Dakwah Islamiyah ke Sulawesi berkembang terus sampai ke daerah kerajaan Bugis, Wajo, Sopeng, Sindenreng, dan lain-lain. Suku Bugis yang terkenal berani, jujur dan suka berterus terang, semula sulit menerima agama Islam. Namun berkat kesungguhan dan keuletan para mubaligh, secara berangsur-angsur mereka menjadi penganut Islam yang setia.

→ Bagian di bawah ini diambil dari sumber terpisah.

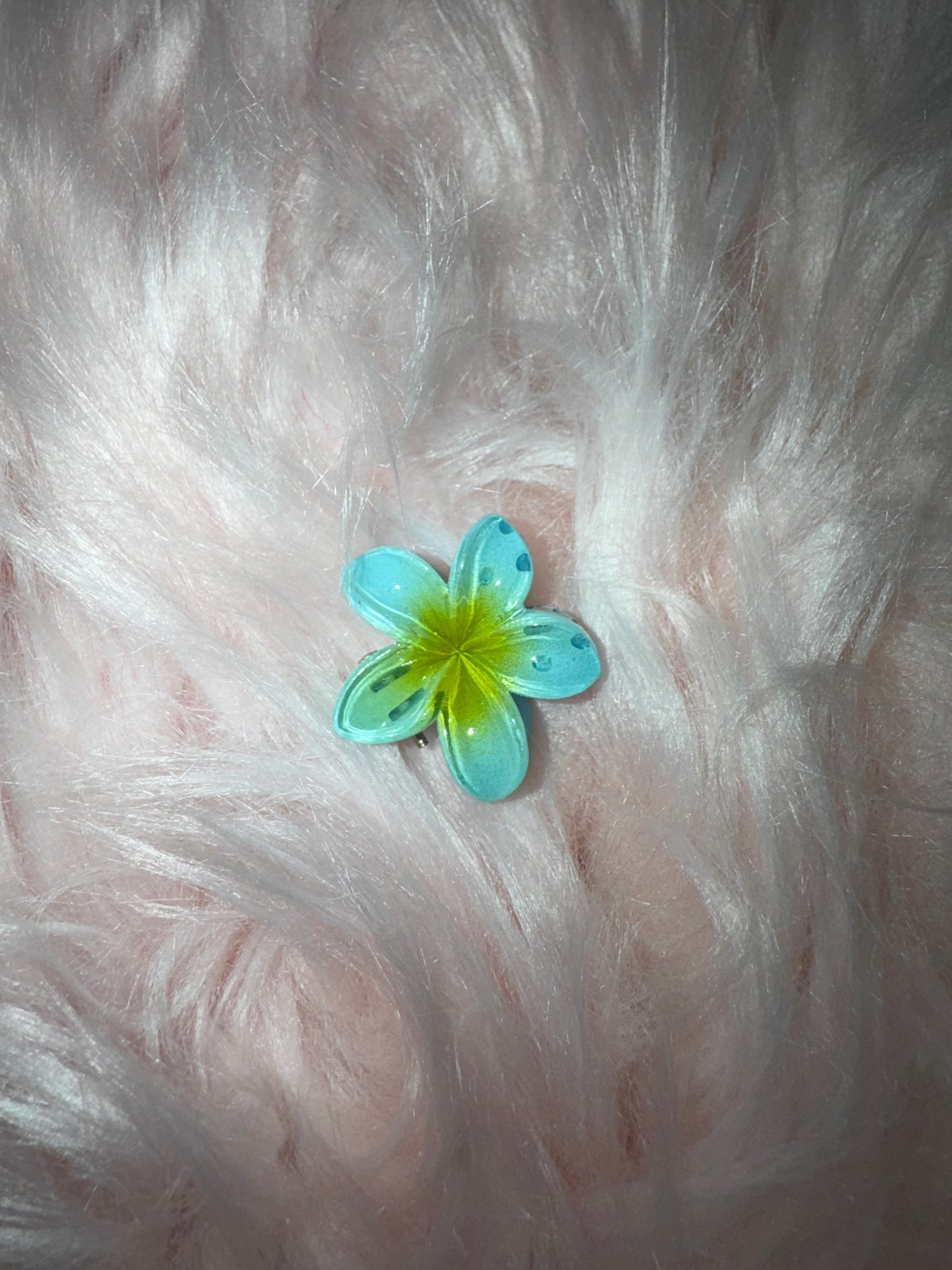 Petite pince à cheveux HAWAIEN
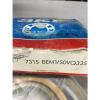 NEW IN BOX SKF ANGULAR CONTACT BALL BEARING 7315 BEM1/SOVQ335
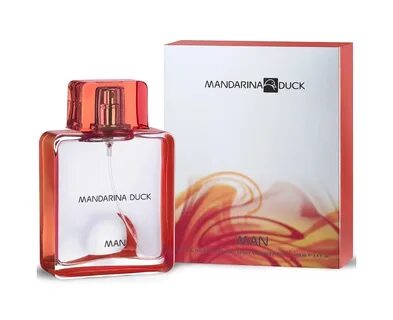 Мандарина дак духи мужские
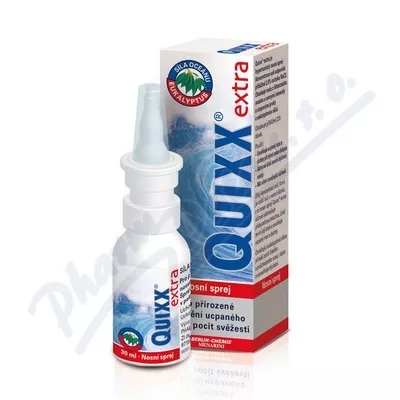 Quixx extra spray do nosa 30ml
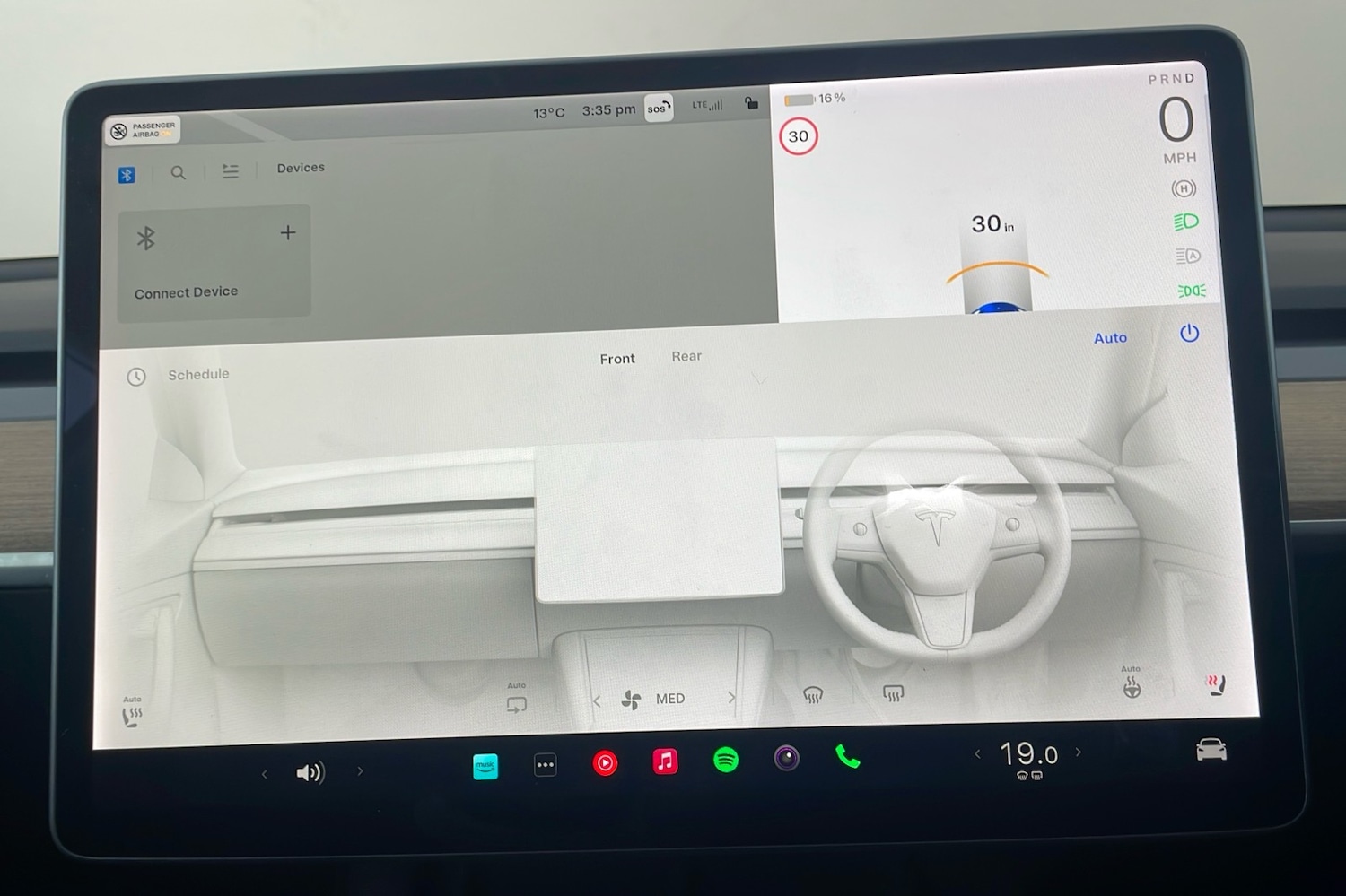 Used Tesla Model 3 2021 for sale - 76340940: Photo 13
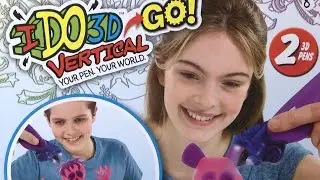 I DO 3-D Vertical Go from Redwood Ventures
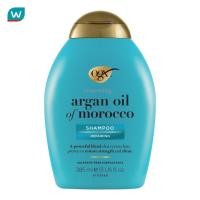 ราคา OGX โอจีเอ็กซ์ แชมพู รีนิววิ่ง อาร์แกน ออยล์ ออฟ โมร็อกโก 385 มล (351751851)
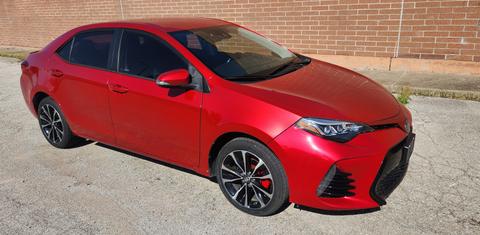 Toyota Corolla 2018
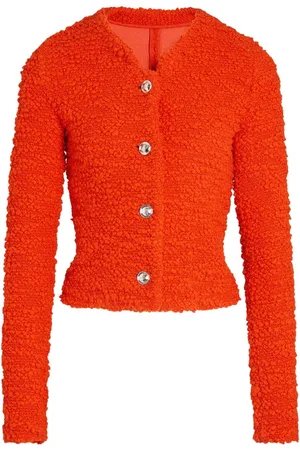 Giambattista Valli Jacke aus Tweed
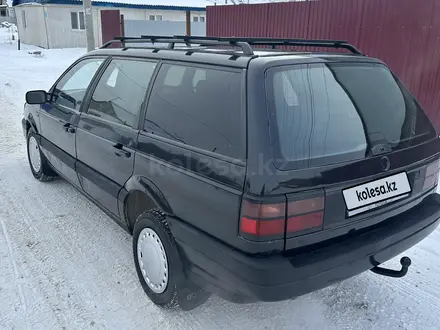 Volkswagen Passat 1991 года за 1 300 000 тг. в Уральск – фото 5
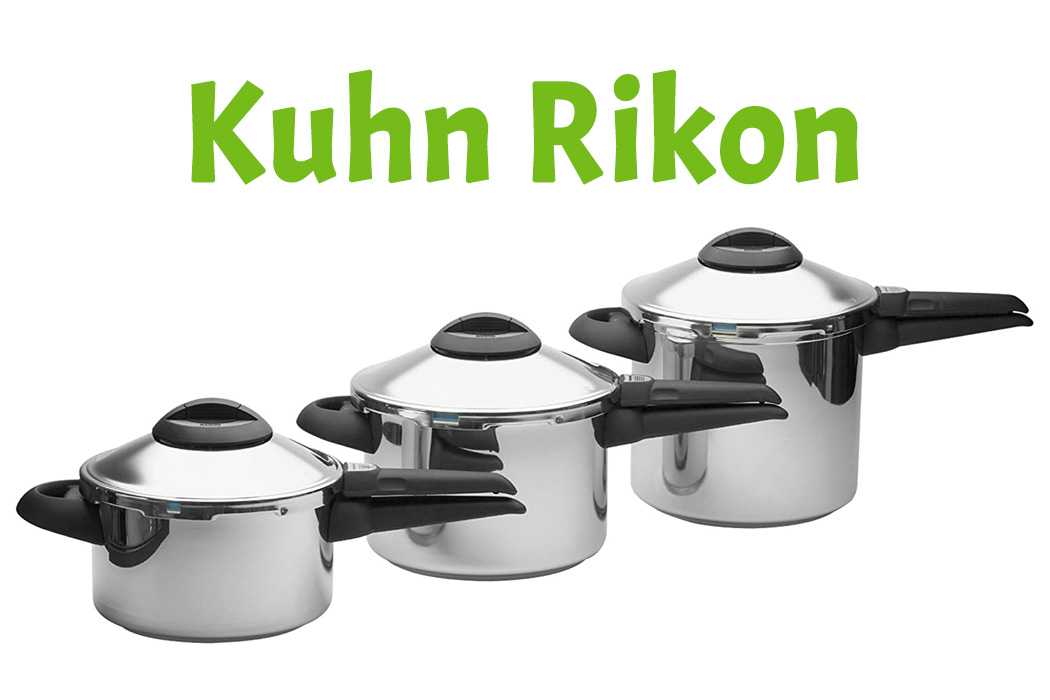 Kuhn Rikon Pressure Cooker Reviews of All Top Models - Corrie Cooks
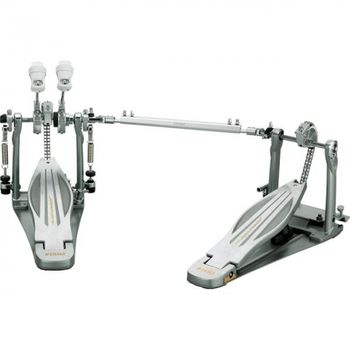 Doble Pedal Zurdo Tama Hp910lwl Iron Cobra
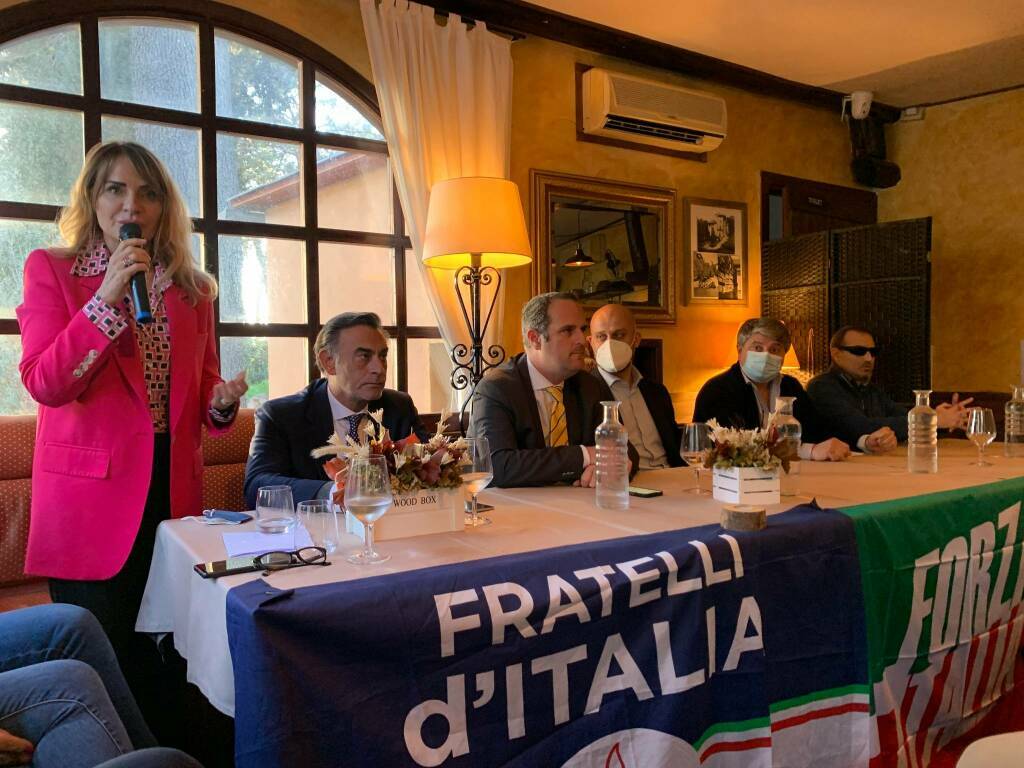 campagna elettorale letta grottaferrata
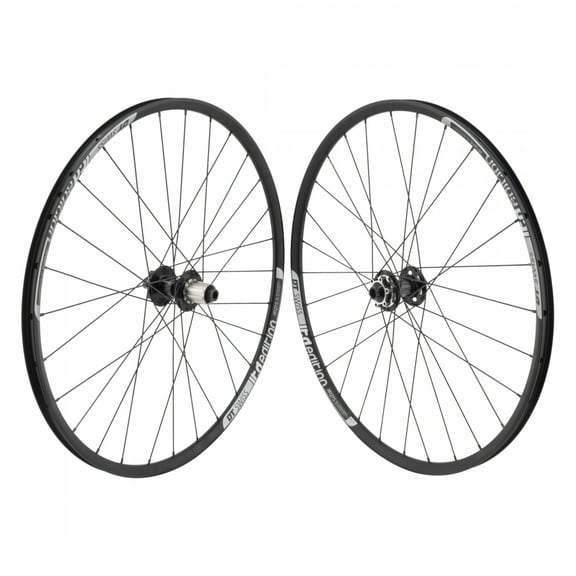 Wheel Master 27.5in Alloy Mountain Disc Double Wall 27.5in SET DT XR331 6B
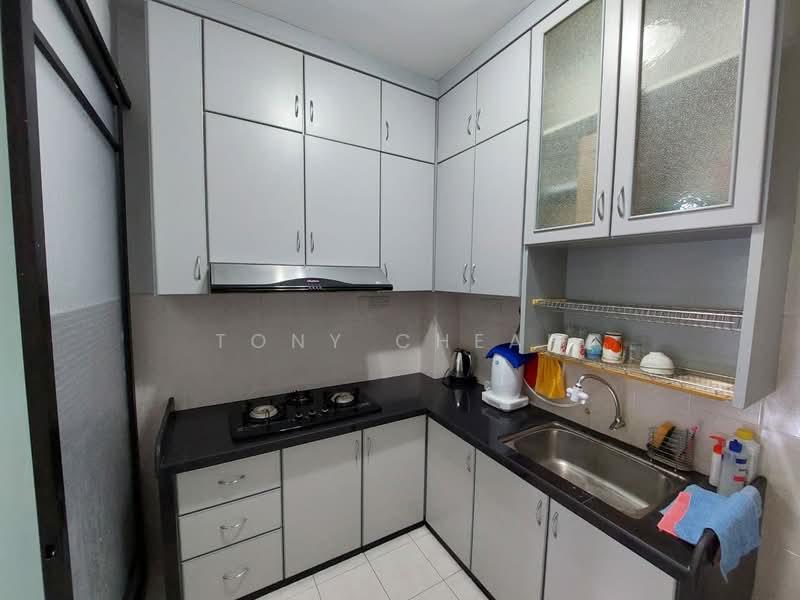 Apartment for Sale at Asia Heights - Tony Cheah - Kitchen - PropertyGuru.com.my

Pelaut-pelaut Bugis berlayar menjelajah seluruh Indonesia sampai ke Aceh. Di antara mereka adalah pembesar Bugis bernama Daeng mansur yang di Aceh lebih dikenal dengan panggilan Tengku di Bugis. Salah seorang puterinya bernama Puteri Sendi. Ia dikawinkan dengan Sultan Iskandar Muda, raja besar Aceh. Sejak itu hubungan antara Aceh – Bugis sangat erat, sehingga banyak pengaruh budaya Aceh di Bugis. Tampaknya hubungan perdagangan yang diperkuat dengan hubungan kekerabatan yang berdasarkan agama Islam itu telah memperkokoh hubungan persatuan antara penduduk di seluruh wilayah Indonesia

 III.1 Kerajaan Islam di Sulawesi

  1. Gowa-Tallo
Gowa-Tallo biasanya disebut dengan kerajaan Makasar. Makasar ialah nama suku bangsanya, sedangkan kerajaannya bernama Gowa-Tallo. Tallo merupakan kerajaan yang berbatasan dengan Gowa, namun dua kerajaan ini selalu bersatu, sehingga mereka menjadi kerajaan kembar. Letak kerajaan Gowa-Tallo di Semenanjung barat daya pulau Sulawesi yang sangat stategis dilihat dari sudut perdagangan rempah-rempah di kepulauan Nusantara. Rempah-rempah dari Maluku di perdagangkan di pelabuhan Gowa-Tallo, yang dibawa oleh pedagang-pedagang Makassar dari Maluku.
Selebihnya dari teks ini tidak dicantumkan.